Evans Fritz, the first in succession of undertakers in the Smith Funeral Home & Chapel lineage, was coroner in January 1884, and was charged with the task of investigating a murder at Tully’s saloon in Stringtown, which would later be renamed Oakwood.
An article in the Jan. 6, 1884, edition of the Quincy Daily Whig offered information on the crime, as reprinted from the Hannibal Journal.
“It seems that a young man named Edward Balling was playing 15-ball pool with a wood-hauler in Tully’s saloon, and Balling having eight balls in the pocket, the game, according to the rules, was terminated, but as Balling continued to play, John H. Liles, one of the proprietors of the saloon, went over to the pool table, and taking up the balls placed them in the rack ready for a new game.”

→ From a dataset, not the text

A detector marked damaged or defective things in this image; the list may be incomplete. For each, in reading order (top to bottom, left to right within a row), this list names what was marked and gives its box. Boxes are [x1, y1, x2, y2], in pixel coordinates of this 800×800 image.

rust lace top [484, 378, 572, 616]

A scuffle ensued over possession of the pool stick. Mr. Liles received an injury to the left side, and subsequently died, according to the newspaper report.

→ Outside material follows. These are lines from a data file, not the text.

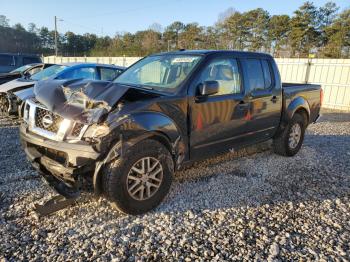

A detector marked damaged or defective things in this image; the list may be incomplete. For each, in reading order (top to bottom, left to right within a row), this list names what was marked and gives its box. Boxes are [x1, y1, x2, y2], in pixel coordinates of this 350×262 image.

crumpled front bumper [19, 123, 100, 188]
crushed hood [32, 79, 146, 124]
damaged nissan frontier [18, 50, 320, 215]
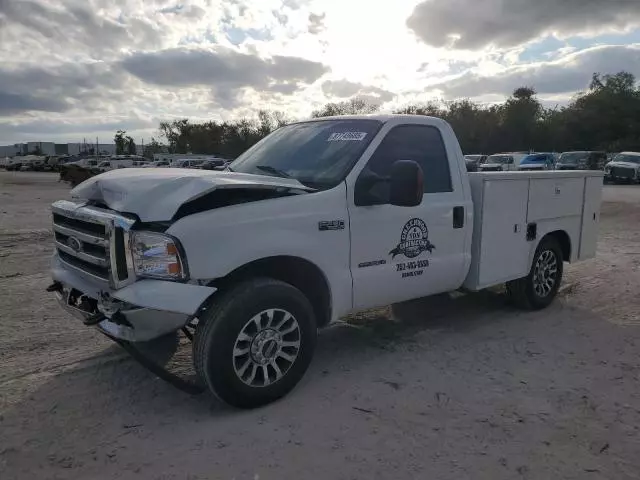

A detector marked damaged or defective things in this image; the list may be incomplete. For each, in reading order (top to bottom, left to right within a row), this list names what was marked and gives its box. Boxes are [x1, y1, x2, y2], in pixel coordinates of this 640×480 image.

crumpled hood [71, 168, 314, 222]
damaged front end [47, 199, 216, 342]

Mr. Fritz called for a coroner’s inquest, and the empanelled men ruled that: “The deceased came to his death from a wound in the left breast by some sharp instrument, said wound being inflicted by the hands of Edward Balling, with said sharp instrument.”
The coroner’s jury consisted of: C.H. Edmondson, foreman; H.H. Cook; John R. Flowerree; Richard E. Dye; Philip J. Ketsdever; and Jos. Bowling Jr.